__Source data__
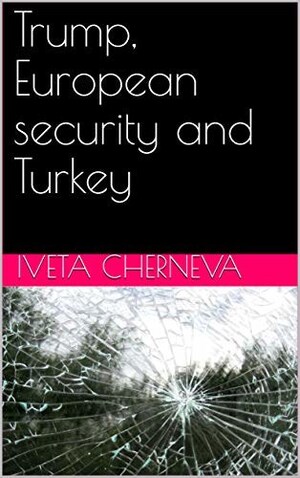 Trump, European Security and Turkey: Iveta Cherneva's New Book Now an Amazon Bestseller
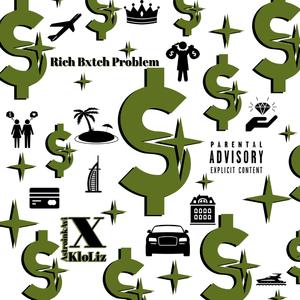 Rich Bxtch Problem (feat. KloLiz)
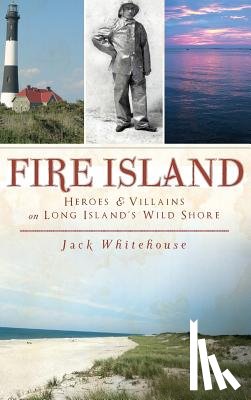 Whitehouse, Jack - Fire Island: Heroes & Villains on Long Island's Wild Shore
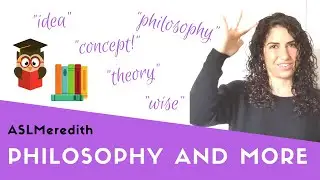 Learn the signs Philosophy, Idea, Theory, and Concept in American Sign Language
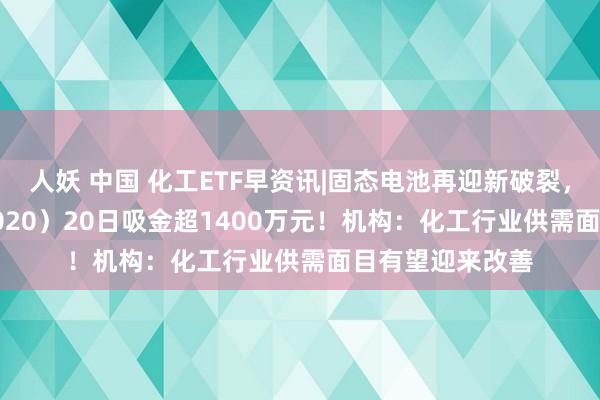 人妖 中国 化工ETF早资讯|固态电池再迎新破裂，化工ETF（516020）20日吸金超1400万元！机构：化工行业供需面目有望迎来改善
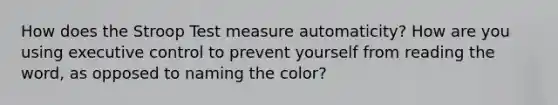 How does the Stroop Test measure automaticity? How are you using executive control to prevent yourself from reading the word, as opposed to naming the color?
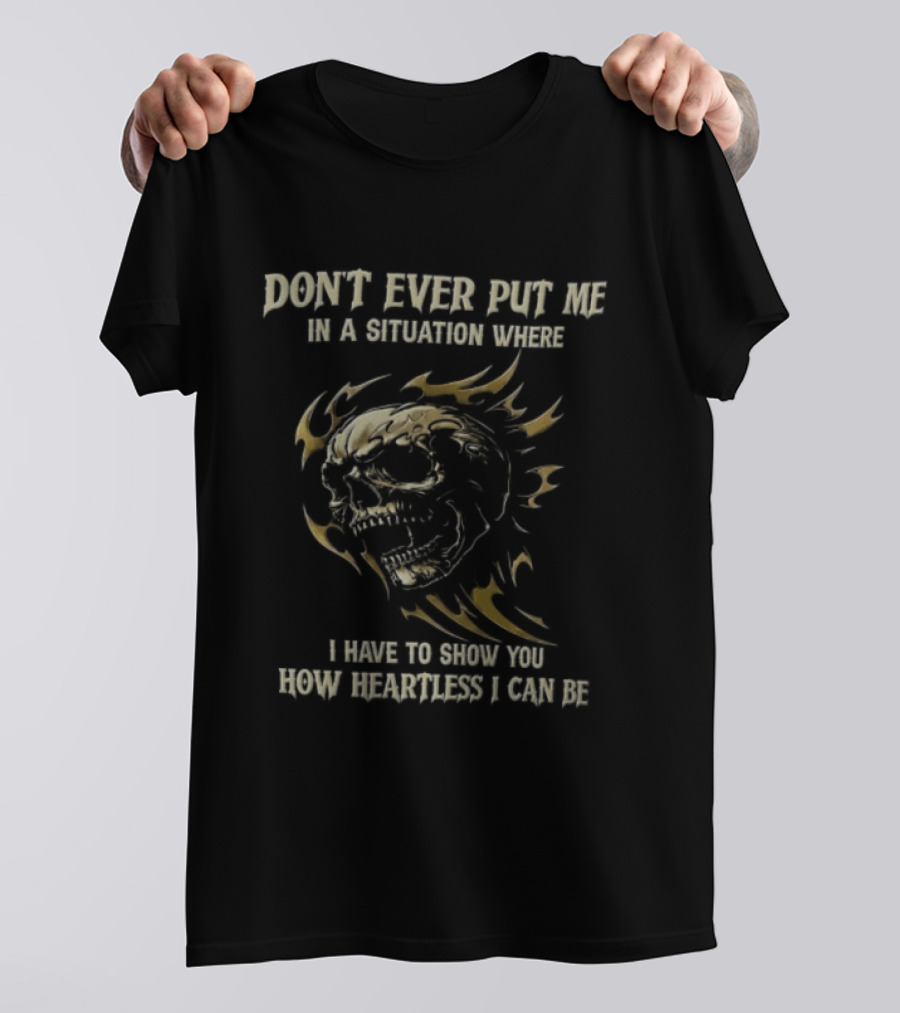 Don't Ever Put Me In A Situation Where I Have To Show You How Heartless I Can Be Skull T-Shirt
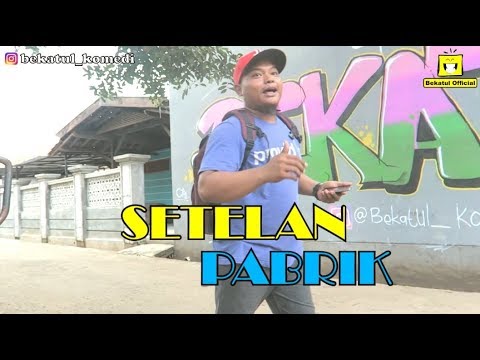 setelan-pabrik-ngakak-sama-bekatul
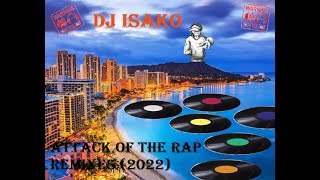 DJ Isako - Attack Of The RAP Remixes (2022)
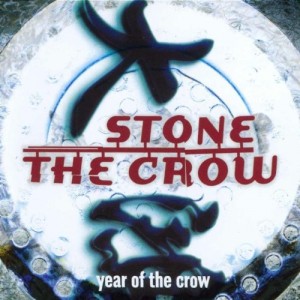 Stone The Crow - Year Of The Crow (2001)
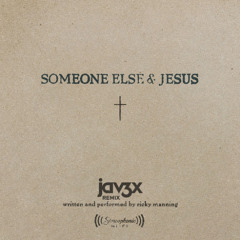 Ricky Manning - Someone Else & Jesus (jav3x Remix)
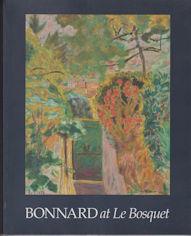 Imagen del vendedor de Bonnard at le Bosquet a la venta por timkcbooks (Member of Booksellers Association)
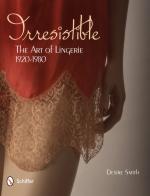 49947 - Smith, D. - Irresistible. The Art of Lingerie 1920s-1980s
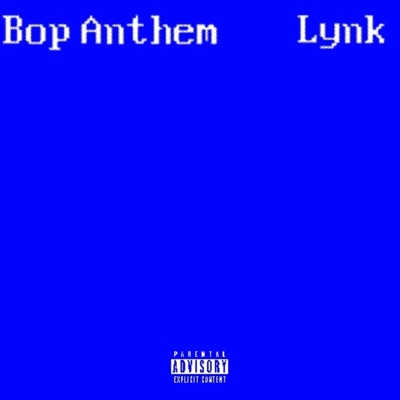 Bop Anthem - Single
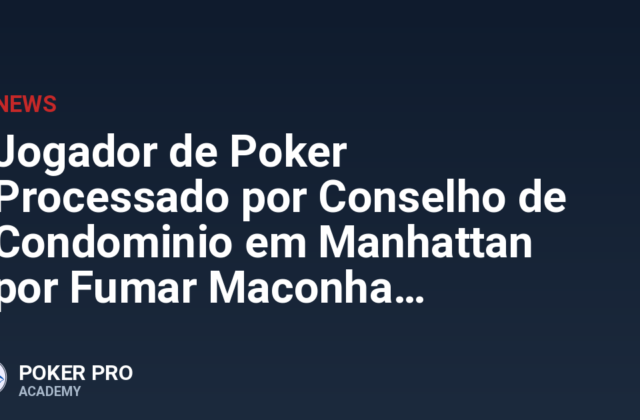 Jogador de Poker Processado por Conselho de Condominio em Manhattan por Fumar Maconha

__Task prompt__
Exclude all pictures and reproduce exactly the lines from the one containing "Ricky Manning - Someone" through the final line of the entries above.

__Completed exercise__
 Ricky Manning - Someone Else & Jesus (jav3x Remix)
 Imagen del vendedor de Bonnard at le Bosquet a la venta por timkcbooks (Member of Booksellers Association)
 49947 - Smith, D. - Irresistible. The Art of Lingerie 1920s-1980s
 Bop Anthem - Single
 Jogador de Poker Processado por Conselho de Condominio em Manhattan por Fumar Maconha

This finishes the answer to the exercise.